This point about urban design is so worth emphasizing. What I see as a big difference between Europe and the US is that in the US, people drive in their cars to the grocery store and buy food for the week to keep in the refrigerator whereas, in Europe, people walk out the door and find a nearby bakery and buy food for what they're going to eat that day.
Most people in Europe don't actually do that because it isn't really practical when you're working everyday. What I will say is that even in supermarkets it's not hard to find fresh baked bread because most of them have a bakery
This is generalizing. Not everyone in US buy bread from a grocery, some buy from a bakery, that’s why we still have bakeries and butcher shops. I haven’t bought wonder bread for 10 years and only bought it once.
@@dylanporter8105 leave it to Harris to lie. I searched up the data where he got 3k bakeries in US, and did not found a source. What I did find was that US had 23k bakeries according to safegraph. It had 168k bakers according to statista. That’s the numbers but what about irl? They are plenty of bakeries near my house. And they don’t make one bread according to Johnny but plenty of them. Most of them are German, France, and Italian bakeries. I seen other videos of you tubers, who live in southern states, that showed them going to a bakery. This is another anti-American video which dumb statistics. I am so sick of it.
Actually, hate to break it to you but I'm French and these past years, journalists investigated and found that the flour used in most boulangeries is already filles with additives. It's sold that way from the manufacturer. The only baguette that apparently still has all natural ingredients is the baguette "tradition". Yep, even our good old French bread isn't our good old French bread anymore.

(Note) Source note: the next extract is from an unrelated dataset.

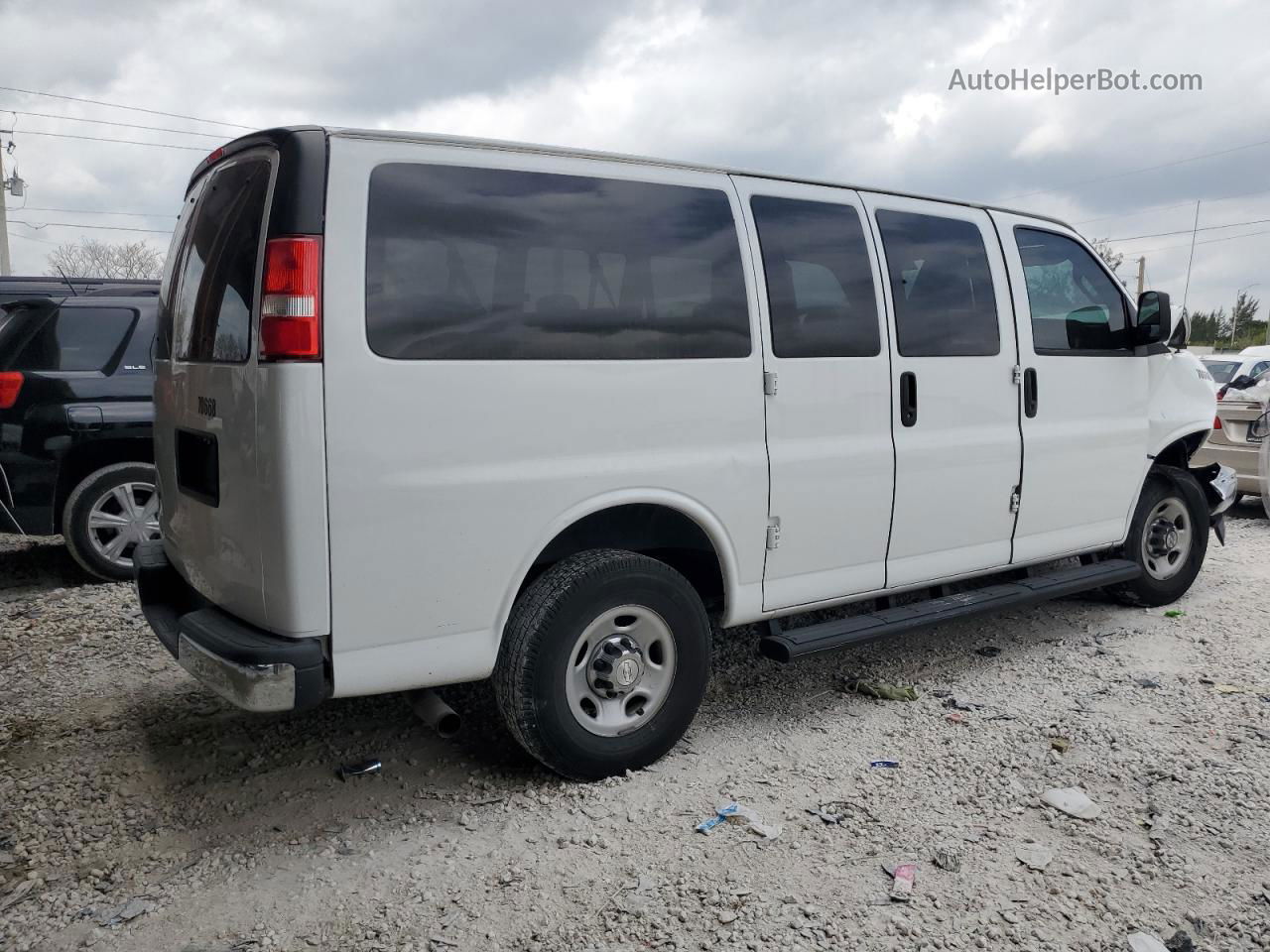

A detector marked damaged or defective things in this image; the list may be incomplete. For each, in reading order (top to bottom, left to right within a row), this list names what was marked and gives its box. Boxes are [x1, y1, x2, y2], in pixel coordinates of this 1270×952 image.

Or maybe additives are not as bad as people make them out to be? If the bread tastes just as good but is cheaper and doesnt hurt your health then what is the issue. There are certain things that within a certain dosage are not harmful to you but in bigger dosages are. That does not mean you should not consume said things, just that you should consume them at a certain rate or at least be aware of their impact on your health. sugar is bad for you and you require no more sugar than what u can get from eating a fruit a day yet we do not recommend anyone completely cuts off all sweat goods.
@@yang8244 bad or not bad for your health, eat freshly baked bread out of the oven with only natural ingredients and you will understand the difference.
The biggest difference you left out is price. You can get a baguette from independent bakeries all over France for €1.20 or less, which is basically the same converted to USD now. In the U.S. that same baguette baked in the same way with identical ingredients is more like $5-$7 from an independent bakery. On top of that, the proximity is much different. I'd be surprised if most people in the U.S. live within 10-15 minutes of a bakery, so going so far out of your way is prohibitive as well.
My favorite bread is when I grid wheat kernels, then make a loaf in my bread maker with that. It has such an earthy flavor to it, and I only need one or two slices of it to filled me up for hours. A slice of that toasted with a fried egg on top is incredible. I should do that more after watching this video.
Americans love saying that about everything they're not good at. Then they just hope and pray none of it's citizens ever looks it up and realizes the truth. This country is a disgrace.
@@taylorbug9 Kind of fitting that he went to France then, because looking at the US saying something's impossible and going "I'll take that as a challenge" is pretty much what France does as a country.
I’m not sure they do, at least not in the way I understand “commercial scale.” The US reaches commercial scale by making one company grow (at the expense of other small companies). When this is done, all the processes Johnny is describing happen (mechanization, industrialization, etc.) along with all those negative side effects. But it seems that the “economic scale” in Europe (for bread at least) is achieved by having loads and loads of small businesses that don’t gobble up each other. They achieve the same level of “commercial scale” but in a much different (better) way.
"Paris is one of the more bikeable cities I've ever been in". As a French person, watching Not Just Bikes makes me want so much more than what we have in France :(
Being an austrian, bread was the biggest cultural shock i experienced being in the US for a few weeks. It felt like bread was just a housing for any toppings. At home we sometimes eat just flat bread because it is delicious enough how it is without any toppings.
toast just tastes like nothing there is no actual flavor to it you have to add things for it to be edible and you technically dont even have to chew toast it just dissolves
Yes, I'm from the US. I'm lucky to be from an area with a heavy Italian heritage and also the hometown of Panera before it expanded and did away with many of its most-loved menu items and more traditional processes, so I grew up with a lot of excellent bread around me. However, Austria just has the best bakery culture out of all the countries I have lived in, and that's what I miss the most about Austria when I am in the US.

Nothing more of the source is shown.